We established and optimized the procedures of neutral liposomes synthesis to pack chemotherapies, surface tagging of TNBC-targeting antibody (mAb-Lipo), PEGylation, drugs packing, purification and characterization following the published guideline and protocols
[33][34][35][36][37][38][39][40][41][42][43][44] with optimization. Non-targeting liposomes
[45][46][47][48][49] have been used to deliver chemotherapies and other therapies, but the mAb-Lipo has multiple advantages, such as cancer-specific targeting, high packing capability with the developed all-in-one synthesis procedure, and high plasma stability and prolonged half-life with integrated PEG. Importantly, our surface tagging technology enables conjugating single or two (even multiple) antibodies to achieve dual-targeting to cover more patients with heterogeneous tumors. In addition to chemotherapies, the cationic liposomes encapsulated plasmid DNA (named as lipoplexes) have been evaluated in clinical trials for cystic fibrosis
[50], non-small-cell lung cancer
[51], metastatic melanoma
[52][53], and epithelial ovarian, fallopian tube or primary peritoneal cancers
[54] treatment.
Literature
[25][55][56][57], clinical data
[24][25][55] and our immunohistochemistry staining of patient tissue microarray show that EGFR is an excellent surface receptor in human
[58][59][60] and mouse
[61][62][63] TNBCs. For example, the anti-EGFR cetuximab and panitumumab are used in clinic to treat head and neck cancer
[64][65][66] and colorectal cancer
[67][68][69]. Moreover, the cetuximab mediates antibody-dependent cell cytotoxicity (ADCC) in the intratumoral space and primes adaptive and innate cellular immunity
[70]. By tagging anti-EGFR mAb (cetuximab) to the surface of liposomes, we not only achieve TNBC tumor targeting but also could integrate the immunotherapy of the mAb. Of course, further investigation is needed to delineate the possible integrated anti-TNBC mechanisms of the tagged mAb and delivered GC and DM1 in future.
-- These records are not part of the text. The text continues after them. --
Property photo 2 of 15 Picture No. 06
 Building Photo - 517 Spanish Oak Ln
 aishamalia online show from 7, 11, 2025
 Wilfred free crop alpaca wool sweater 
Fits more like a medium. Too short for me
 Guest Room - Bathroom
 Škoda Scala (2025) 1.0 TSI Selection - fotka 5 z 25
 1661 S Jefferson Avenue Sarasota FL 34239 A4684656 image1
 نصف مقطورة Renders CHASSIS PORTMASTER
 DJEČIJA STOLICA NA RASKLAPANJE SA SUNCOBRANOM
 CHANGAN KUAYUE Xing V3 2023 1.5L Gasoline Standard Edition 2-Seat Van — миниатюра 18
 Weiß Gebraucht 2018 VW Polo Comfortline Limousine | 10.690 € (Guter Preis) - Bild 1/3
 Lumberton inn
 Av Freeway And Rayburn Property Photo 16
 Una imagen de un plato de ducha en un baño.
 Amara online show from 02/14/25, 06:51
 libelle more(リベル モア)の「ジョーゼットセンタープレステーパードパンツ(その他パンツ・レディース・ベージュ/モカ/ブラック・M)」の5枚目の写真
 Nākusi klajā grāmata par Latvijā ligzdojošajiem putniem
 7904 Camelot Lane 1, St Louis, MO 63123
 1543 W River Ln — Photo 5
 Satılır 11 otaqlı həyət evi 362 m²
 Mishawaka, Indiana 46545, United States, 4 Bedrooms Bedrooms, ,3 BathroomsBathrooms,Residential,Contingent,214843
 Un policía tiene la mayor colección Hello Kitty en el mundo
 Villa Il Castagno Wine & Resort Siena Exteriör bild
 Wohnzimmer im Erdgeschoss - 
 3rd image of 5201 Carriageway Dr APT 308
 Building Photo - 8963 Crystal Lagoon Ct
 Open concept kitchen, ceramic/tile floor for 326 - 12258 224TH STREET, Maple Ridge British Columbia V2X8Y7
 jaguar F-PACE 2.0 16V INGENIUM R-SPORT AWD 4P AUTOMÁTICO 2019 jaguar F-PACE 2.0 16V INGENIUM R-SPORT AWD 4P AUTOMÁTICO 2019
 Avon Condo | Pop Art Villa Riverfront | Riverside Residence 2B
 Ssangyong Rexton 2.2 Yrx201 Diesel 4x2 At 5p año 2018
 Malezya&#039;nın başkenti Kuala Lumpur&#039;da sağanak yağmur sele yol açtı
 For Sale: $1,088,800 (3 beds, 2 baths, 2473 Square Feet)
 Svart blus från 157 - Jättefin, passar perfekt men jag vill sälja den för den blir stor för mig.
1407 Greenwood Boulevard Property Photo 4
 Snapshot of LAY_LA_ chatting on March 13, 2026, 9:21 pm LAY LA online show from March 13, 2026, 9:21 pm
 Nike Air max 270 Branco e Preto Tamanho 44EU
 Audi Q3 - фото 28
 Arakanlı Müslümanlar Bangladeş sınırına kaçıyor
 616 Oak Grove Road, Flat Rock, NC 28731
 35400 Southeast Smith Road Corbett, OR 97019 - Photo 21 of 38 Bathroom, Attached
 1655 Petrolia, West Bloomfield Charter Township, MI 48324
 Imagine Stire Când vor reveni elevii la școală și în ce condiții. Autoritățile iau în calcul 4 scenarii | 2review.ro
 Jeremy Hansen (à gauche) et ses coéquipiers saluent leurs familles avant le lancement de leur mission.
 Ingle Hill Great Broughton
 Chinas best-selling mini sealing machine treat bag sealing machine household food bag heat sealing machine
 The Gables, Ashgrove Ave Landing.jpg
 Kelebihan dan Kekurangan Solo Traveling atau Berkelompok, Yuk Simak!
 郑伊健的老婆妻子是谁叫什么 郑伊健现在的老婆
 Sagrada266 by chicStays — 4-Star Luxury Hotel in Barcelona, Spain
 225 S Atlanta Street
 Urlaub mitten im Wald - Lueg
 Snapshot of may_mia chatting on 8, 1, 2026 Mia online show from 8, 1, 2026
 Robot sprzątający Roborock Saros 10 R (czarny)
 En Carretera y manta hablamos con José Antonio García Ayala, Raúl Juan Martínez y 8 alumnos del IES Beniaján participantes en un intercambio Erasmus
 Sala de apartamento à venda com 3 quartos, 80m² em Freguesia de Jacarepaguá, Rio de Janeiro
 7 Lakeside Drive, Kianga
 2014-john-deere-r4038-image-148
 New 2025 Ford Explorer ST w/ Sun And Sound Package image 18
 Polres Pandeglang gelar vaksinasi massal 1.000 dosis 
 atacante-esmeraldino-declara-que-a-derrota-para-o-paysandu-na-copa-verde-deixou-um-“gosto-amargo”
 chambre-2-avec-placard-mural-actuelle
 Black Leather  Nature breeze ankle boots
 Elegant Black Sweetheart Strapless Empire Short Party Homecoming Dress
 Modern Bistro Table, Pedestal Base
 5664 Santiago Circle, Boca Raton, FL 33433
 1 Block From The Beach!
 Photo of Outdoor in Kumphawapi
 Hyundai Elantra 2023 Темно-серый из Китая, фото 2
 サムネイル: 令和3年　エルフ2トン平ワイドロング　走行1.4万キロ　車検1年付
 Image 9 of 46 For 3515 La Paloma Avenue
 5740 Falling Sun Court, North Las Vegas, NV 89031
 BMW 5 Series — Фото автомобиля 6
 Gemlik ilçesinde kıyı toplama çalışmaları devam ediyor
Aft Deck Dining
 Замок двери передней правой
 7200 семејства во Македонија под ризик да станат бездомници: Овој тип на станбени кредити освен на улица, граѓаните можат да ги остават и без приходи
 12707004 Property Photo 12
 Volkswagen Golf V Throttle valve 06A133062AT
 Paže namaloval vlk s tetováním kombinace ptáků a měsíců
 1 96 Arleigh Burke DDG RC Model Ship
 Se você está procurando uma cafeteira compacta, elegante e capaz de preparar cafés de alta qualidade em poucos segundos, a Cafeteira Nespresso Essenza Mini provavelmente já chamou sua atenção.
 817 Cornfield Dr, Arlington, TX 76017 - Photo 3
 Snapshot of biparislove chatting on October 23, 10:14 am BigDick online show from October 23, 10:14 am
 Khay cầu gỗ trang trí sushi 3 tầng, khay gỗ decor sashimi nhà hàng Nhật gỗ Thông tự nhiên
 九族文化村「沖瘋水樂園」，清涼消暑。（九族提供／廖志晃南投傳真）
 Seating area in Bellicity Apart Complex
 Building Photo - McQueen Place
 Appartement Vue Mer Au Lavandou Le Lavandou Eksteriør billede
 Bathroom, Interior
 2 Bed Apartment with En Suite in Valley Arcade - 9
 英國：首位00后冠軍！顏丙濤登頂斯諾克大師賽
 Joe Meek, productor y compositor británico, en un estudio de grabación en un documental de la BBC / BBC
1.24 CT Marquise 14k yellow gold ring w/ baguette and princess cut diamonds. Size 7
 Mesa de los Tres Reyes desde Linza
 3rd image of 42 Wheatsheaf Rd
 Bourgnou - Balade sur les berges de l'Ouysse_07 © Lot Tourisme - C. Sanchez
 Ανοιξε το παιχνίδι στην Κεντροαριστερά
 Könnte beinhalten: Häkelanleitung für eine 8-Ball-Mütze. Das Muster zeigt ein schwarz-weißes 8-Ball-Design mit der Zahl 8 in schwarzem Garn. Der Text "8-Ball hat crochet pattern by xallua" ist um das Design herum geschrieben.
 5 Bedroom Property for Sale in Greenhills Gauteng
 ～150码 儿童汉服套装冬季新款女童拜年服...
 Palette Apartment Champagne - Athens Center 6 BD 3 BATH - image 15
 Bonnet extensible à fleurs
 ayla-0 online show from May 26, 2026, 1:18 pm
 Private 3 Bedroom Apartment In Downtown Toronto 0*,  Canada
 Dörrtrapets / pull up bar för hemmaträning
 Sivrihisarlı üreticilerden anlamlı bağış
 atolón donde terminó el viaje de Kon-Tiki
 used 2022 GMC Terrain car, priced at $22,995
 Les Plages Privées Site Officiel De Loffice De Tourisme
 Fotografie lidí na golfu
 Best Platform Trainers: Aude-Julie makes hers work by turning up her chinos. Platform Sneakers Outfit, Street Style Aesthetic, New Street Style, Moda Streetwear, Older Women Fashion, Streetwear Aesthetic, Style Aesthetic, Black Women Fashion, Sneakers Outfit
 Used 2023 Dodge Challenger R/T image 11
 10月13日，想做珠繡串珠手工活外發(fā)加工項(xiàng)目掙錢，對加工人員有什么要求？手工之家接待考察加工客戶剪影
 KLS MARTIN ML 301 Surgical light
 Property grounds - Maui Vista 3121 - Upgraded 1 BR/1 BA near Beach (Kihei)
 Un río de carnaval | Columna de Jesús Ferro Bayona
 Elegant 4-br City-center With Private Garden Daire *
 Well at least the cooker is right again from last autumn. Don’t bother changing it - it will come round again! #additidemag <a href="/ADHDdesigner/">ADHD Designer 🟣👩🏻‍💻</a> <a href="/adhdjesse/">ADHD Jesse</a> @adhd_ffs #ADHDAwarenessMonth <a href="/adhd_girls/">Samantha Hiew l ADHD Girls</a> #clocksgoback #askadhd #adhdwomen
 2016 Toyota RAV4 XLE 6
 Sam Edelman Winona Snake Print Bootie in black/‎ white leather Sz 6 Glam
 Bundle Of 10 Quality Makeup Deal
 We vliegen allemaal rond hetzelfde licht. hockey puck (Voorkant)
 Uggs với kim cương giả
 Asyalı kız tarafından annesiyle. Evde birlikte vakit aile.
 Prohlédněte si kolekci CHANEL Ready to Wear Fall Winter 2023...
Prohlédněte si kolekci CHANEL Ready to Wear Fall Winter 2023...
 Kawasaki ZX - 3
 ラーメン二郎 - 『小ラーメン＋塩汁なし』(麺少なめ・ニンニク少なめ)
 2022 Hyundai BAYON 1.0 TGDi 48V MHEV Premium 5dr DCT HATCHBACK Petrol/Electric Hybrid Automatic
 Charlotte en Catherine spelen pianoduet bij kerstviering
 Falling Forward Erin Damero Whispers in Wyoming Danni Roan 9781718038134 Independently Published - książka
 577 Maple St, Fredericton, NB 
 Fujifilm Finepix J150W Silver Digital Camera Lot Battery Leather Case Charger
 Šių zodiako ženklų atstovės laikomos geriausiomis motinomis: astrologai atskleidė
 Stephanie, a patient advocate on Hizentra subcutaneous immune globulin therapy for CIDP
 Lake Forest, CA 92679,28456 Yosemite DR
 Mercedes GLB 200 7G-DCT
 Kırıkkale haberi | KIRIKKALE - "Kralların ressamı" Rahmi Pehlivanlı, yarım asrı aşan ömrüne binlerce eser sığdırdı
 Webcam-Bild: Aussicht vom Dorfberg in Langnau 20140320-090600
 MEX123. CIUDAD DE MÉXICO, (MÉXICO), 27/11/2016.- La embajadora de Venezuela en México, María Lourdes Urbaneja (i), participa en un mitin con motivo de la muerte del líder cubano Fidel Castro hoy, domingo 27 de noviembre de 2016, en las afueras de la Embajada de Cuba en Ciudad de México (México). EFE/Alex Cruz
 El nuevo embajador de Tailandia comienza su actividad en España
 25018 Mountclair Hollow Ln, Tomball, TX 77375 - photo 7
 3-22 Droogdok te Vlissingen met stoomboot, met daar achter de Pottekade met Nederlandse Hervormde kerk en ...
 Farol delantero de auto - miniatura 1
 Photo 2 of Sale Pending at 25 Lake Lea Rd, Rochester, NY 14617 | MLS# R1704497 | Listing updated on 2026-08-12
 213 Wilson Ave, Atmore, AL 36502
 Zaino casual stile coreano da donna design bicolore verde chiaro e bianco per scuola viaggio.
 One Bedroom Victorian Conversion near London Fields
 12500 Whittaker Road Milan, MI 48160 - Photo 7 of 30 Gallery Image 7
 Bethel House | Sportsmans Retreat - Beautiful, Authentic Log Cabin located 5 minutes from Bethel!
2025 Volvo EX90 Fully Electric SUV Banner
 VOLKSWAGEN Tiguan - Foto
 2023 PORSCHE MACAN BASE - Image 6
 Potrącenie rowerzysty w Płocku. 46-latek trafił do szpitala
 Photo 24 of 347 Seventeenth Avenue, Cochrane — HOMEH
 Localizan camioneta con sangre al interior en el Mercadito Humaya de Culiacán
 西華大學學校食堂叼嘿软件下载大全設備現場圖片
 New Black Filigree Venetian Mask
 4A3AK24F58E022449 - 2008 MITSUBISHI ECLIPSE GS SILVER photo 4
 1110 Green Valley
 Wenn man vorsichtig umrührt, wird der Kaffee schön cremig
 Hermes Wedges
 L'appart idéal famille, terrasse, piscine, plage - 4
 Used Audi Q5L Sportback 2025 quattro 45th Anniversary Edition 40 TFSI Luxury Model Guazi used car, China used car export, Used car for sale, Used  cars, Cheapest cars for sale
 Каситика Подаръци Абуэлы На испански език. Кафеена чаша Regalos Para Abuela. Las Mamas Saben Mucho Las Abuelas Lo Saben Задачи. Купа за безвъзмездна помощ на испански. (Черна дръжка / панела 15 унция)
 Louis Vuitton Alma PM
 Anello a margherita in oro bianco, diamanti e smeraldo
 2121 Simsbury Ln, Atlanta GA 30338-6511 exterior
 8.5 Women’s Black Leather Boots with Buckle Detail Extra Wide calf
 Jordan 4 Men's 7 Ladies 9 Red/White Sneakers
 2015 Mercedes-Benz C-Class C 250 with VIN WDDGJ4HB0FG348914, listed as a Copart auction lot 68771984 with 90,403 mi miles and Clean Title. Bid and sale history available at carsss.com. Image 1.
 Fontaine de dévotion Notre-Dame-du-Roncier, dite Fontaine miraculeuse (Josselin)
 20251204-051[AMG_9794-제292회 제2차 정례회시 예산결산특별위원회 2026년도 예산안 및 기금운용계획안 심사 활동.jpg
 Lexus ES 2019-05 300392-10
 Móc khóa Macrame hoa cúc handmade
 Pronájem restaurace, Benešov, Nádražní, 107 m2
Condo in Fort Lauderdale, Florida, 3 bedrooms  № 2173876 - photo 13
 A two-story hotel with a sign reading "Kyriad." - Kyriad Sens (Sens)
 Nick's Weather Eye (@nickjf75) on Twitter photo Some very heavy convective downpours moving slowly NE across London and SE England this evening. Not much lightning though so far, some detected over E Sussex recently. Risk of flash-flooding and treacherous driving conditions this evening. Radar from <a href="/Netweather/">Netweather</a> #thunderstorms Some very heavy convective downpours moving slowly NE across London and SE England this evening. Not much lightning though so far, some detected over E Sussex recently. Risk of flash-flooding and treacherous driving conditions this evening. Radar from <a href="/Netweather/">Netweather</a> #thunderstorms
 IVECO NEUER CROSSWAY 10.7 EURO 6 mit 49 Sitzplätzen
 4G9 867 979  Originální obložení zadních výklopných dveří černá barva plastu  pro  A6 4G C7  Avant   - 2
The TNBC xenograft models derived from various cell lines have been widely used in vivo to evaluate the tumor treatment efficacy. The PDX models are more advanced to evaluate new therapies as they have multiple advantages such as capturing TNBC heterogeneity and tumor microenvironment. For instance, PDX tumors can accurately recapitulate the phenocopy and mutation status of patient tumors, and resemble and maintain the biological behavior correlating with high metastasis, high heterogeneity and poor survival of TNBC patient tumors. Limited by the fresh patient tissues assessment and pathology analysis, many research labs have difficulty to establish in-house TNBC PDX models. We evaluated the Jackson lab commercial PDX lines and established a robust procedure to passage and maintain PDX lines in the research lab. The identified EGFR overexpressing PDX lines can be used as a good model to evaluate the therapeutic efficiency of newly developed therapies.
3. Conclusions
The combination of chemotherapies with different anti-cancer mechanisms (gemcitabine and mertansine in this study) has great potential to treat the highly aggressive TNBC. The technical challenges to apply combined chemotherapies, including circulation stability and side effects, can be overcome by the application of a targeted liposomal delivery vehicle. Importantly, different drug combinations can be easily adapted to this system for the treatment of recurrent cancer. Despite the promising results, the developed new formulation needs further evaluation in the future, such as pharmacokinetics, dosage optimization, metastatic tumor treatment and immune modulatory response.